Sunday, February 15, 2009

On The Nature Of Feedback....

Such a philosophical sounding title, perhaps reflective of my current philosophical mood.

I've been thinking today about the whole exercise of giving a manuscript to friends in the hope of getting helpful feedback. Probably this has been sparked by the second-last reader returning the manuscript this afternoon. I suspected this person didn't have particularly good things to say when her first words to me were "here is your book and some comments, I hope you won't hold it against me". Sure enough it was fairly negative - well, very negative actually, although there were a few 'nice' comments thrown in, just to encourage me ('don't give up', and 'this is a good start' are two that stick in my mind).

Yes, I feel fairly down about it, coming on top of several other negative reviews. But what I'm pondering is this: should I feel down about it? does this sort of feedback really mean the book is bad, or just that it is a good book that can be a whole lot better? And does that sentence I just typed even make sense? (It's late by the way, I probably shouldn't even be attempting to make sense at this hour...)

What I'm trying to say is this. I read somebody's webpage a while ago, where they were talking about the whole process they go through in writing a book. They weren't a published author, but obviously were trying to be. They wrote how they had given a final draft to a friend, and had the friend turn up on their doorstep the next day, all hot-and-bothered, gasping 'you need to publish this .... now'. But the confusing thing was that from what I could see, they never did get published. I can only assume that when they sent it through to the proper channels it was rejected, despite the glowing comment from their friend.
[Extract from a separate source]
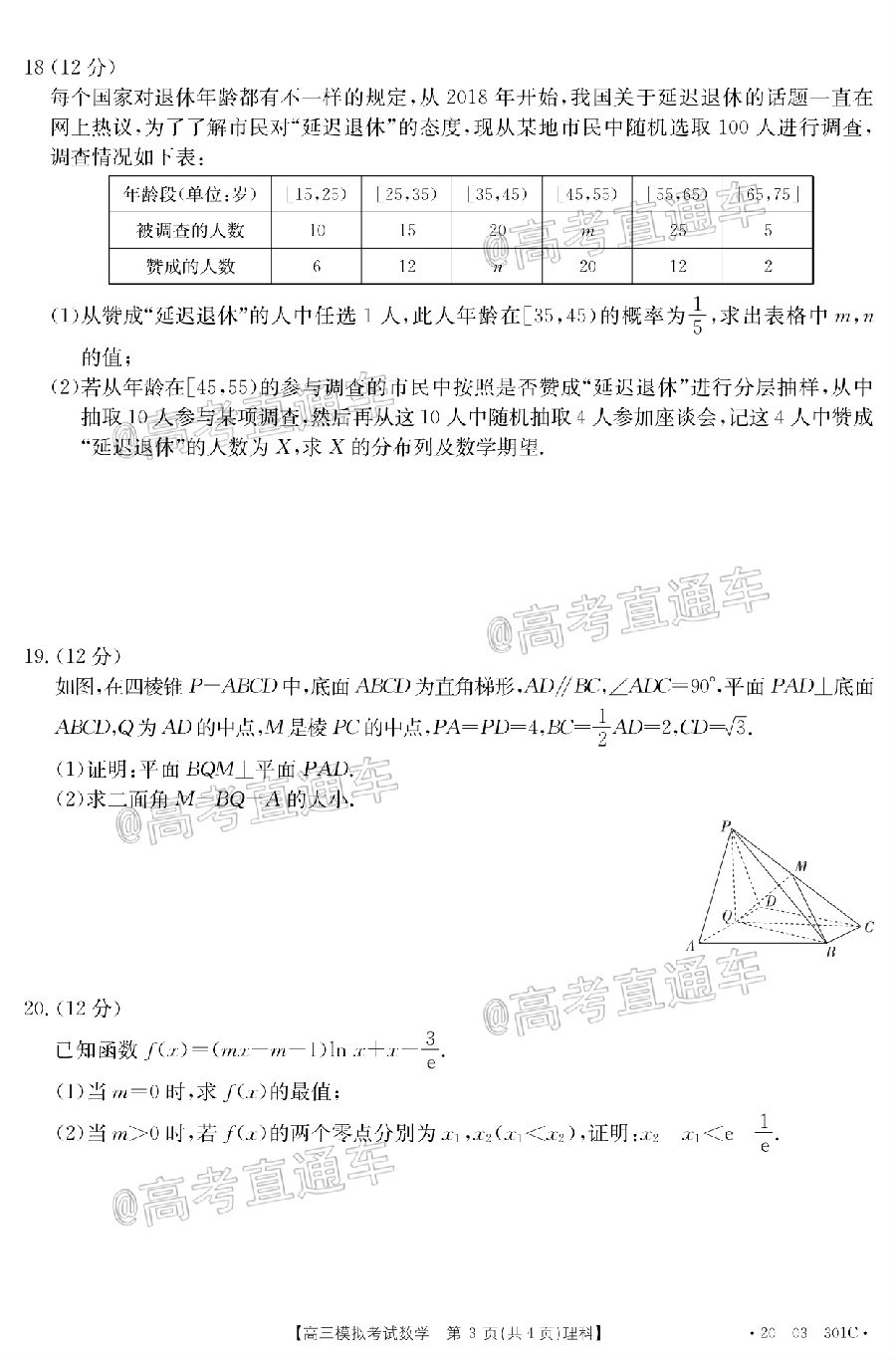 2020㶫̫420-03-301C⼰ο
So maybe it's not such a good thing to have gushing feedback. Perhaps it can instill a false sense of confidence in an author, and make them rush to forward in a manuscript that perhaps in actuality is not ready. Certainly none of the friends who read mine gave me any delusions of grandeur, quite the opposite. Perhaps these sorts of kicks are the best thing to force a writer back to the drawing board, to push them that step further towards a better piece of work. Perhaps those who get such negative comments are the ones who eventually get published.
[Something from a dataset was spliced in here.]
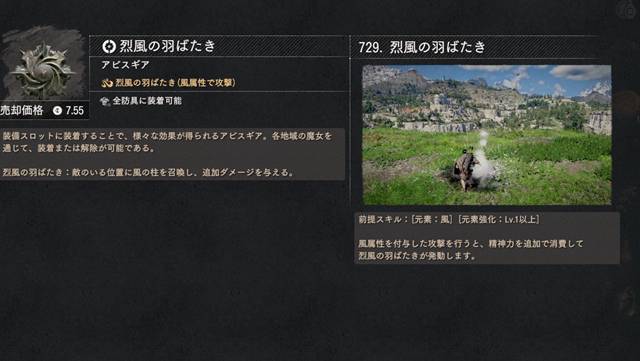 烈風の羽ばたき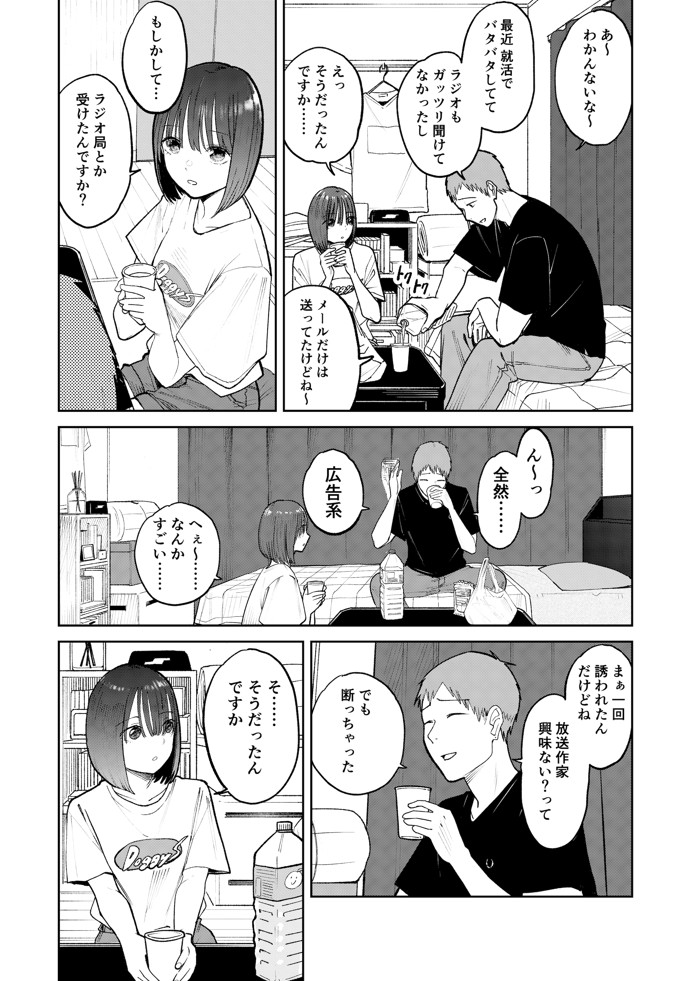 オールナイトセックス -深夜ラジオ好き同士仲良くなった同級生女子が東京遠征したら有名ハガキ職人に食われた-64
Then again, perhaps what I'm typing here is total excrement, and so is my manuscript. But I need to try and put a positive spin on it. It's either that or go back to learning new programming languages in my spare time. Thankyou no.
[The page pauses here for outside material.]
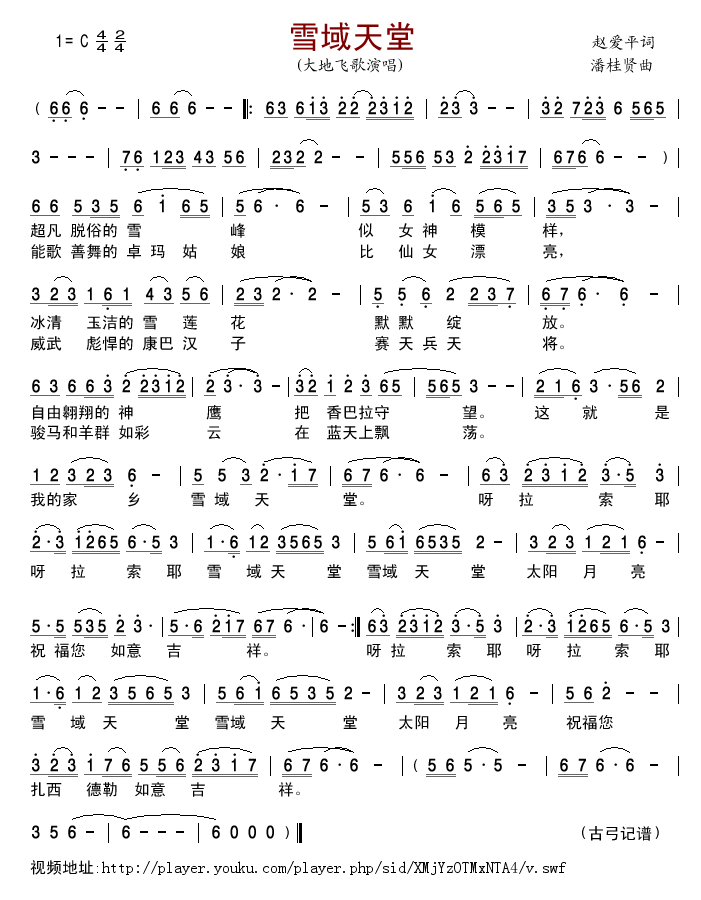 大地飞歌 《雪域天堂2》简谱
So I know I'll keep at it, keep plugging away and knocking on that door. I have a two-fold strategy for the next few weeks. The first is to keep waiting for the assessor's report. If she says enough positive things I'll make any suggested changes and pitch it, as well as sending it to three or four agents. I suspect that even if she says the book is a dog I'll still do those things, just for the sake of getting the experience. Then the Ghost of Ping-Ling will be off my hands, its fate beyond my control.

My second strategy is to start work on book 2, which is actually a prequel to Ghost, set about twenty years before. The book stands alone, and will be in a different style, so if things go nowhere with Ghost it will become my next project, and my aim will be to finish it before the end of the year and try again.

Then, if that fails, I'll try for a third.